Always hungry? Do you have a hard time skipping a meal?
Are you craving sweetness after every meal?
Are you fighting with skin problems such as acne or skin tags?
Have you gained weight recently?
Love handles perhaps?
Is your energy at an all-time low?
Or have you lost hair, libido or satiation?
If you said yes to two or more of the questions above, chances are you‘re developing a sugar addiction.
Don’t worry; it’s not your fault! I know you’re not putting sugar cubes in your mouth. But sugars are hiding in bread, milk, tomato sauce, drinks, and pasta too! We’re biologically wired to crave sweetness, and with so much sugar around these days, we’re bound to get trapped in its shackles.
After a chronic consumption of high sugar and fast carbs, your body thinks it’s become dependent on sweetness to function but just doesn’t metabolize it anymore. Excess sugar makes your cells insulin resistant: sugar can no longer enter your cells and is stored as fat instead.
No need to panic just yet!
Everything our body does is a way to protect itself or prepare itself for a difficult situation. You do have the power to reverse the effects of chronic sugar consumption before it is too late!
How A Healthy Body Works: A Beautiful Energy Factory
What Is Sugar?
You find sugars in carbohydrates. We can classify carbohydrates into “simple” and “complex”.
- The most basic units of carbohydrates are monosaccharides, such as glucose and fructose (fruit sugars). These simple sugars immediately enter the bloodstream via the gut cells because of their singular molecular structure.
- Table sugar is sucrose. Together with maltose and lactose, they fall in the carb category as disaccharides. Your body needs to split disaccharides into singular fructose- and glucose molecules before it can absorb them.

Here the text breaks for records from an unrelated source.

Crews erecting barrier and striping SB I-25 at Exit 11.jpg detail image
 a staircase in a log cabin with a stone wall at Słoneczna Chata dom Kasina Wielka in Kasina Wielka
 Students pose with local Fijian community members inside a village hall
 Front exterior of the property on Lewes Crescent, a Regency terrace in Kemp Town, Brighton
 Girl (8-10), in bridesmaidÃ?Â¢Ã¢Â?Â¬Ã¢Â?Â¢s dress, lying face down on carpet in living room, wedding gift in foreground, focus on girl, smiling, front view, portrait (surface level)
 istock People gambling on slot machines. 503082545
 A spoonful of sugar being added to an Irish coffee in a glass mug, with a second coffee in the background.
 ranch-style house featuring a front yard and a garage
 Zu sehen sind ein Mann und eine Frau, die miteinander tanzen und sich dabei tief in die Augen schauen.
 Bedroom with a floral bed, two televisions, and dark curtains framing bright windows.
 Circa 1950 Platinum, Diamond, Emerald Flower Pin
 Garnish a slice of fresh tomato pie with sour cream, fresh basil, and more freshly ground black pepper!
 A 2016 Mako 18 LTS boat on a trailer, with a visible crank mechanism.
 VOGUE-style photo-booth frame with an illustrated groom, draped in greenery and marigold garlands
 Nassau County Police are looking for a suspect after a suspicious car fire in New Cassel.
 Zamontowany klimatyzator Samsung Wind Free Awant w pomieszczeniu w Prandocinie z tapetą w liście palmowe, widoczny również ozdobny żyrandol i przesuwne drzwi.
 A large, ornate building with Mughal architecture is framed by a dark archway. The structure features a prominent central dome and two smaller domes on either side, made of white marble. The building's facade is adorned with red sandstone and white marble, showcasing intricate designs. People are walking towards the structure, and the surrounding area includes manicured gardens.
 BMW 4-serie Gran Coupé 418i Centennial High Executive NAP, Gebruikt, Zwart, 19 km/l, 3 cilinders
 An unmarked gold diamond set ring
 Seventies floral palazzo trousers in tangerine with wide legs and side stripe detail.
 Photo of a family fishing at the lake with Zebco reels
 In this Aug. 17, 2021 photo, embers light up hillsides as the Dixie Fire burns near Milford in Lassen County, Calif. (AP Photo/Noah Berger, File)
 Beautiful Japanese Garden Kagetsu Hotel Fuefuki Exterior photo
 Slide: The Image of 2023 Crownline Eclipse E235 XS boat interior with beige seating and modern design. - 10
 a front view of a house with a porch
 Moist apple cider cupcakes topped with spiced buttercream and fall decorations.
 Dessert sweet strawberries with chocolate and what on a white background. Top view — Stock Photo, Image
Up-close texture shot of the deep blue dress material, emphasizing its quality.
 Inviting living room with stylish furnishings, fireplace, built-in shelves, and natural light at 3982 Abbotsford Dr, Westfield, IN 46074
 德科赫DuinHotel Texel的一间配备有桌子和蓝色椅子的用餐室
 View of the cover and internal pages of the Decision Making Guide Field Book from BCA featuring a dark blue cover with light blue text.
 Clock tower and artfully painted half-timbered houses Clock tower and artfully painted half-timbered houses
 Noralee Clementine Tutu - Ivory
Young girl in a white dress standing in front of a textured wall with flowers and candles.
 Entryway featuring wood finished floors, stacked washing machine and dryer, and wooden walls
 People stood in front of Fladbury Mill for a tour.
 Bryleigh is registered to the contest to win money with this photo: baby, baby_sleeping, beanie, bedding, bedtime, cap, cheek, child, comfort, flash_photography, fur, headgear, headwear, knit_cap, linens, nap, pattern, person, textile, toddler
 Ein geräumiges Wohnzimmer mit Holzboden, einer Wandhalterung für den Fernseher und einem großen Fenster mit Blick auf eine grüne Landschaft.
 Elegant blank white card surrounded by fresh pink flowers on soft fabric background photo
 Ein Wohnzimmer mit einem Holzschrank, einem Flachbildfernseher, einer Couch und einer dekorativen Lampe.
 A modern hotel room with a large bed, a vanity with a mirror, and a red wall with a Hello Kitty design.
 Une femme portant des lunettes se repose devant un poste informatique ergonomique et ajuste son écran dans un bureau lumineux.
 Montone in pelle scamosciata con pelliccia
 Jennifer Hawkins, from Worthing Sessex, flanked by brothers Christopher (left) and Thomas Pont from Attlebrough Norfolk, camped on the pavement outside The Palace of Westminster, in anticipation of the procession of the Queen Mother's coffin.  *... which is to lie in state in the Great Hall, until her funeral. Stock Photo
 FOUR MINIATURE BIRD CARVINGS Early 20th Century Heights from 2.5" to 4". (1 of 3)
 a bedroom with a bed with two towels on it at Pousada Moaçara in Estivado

- Starches and fibers are long chains of joined glucose molecules, also known as polysaccharides or complex carbohydrates. It’s much harder for your body to break these long chain structures down. Digestive enzymes first have to cut the chains into smaller pieces, before the body can absorb them. Although polysaccharides are a form of sugar, they rarely taste sweet. Starchy foods include rice, potatoes, corn, and wheat, as well as earthy veggies such as pumpkin, carrots, sweet potato and red beets.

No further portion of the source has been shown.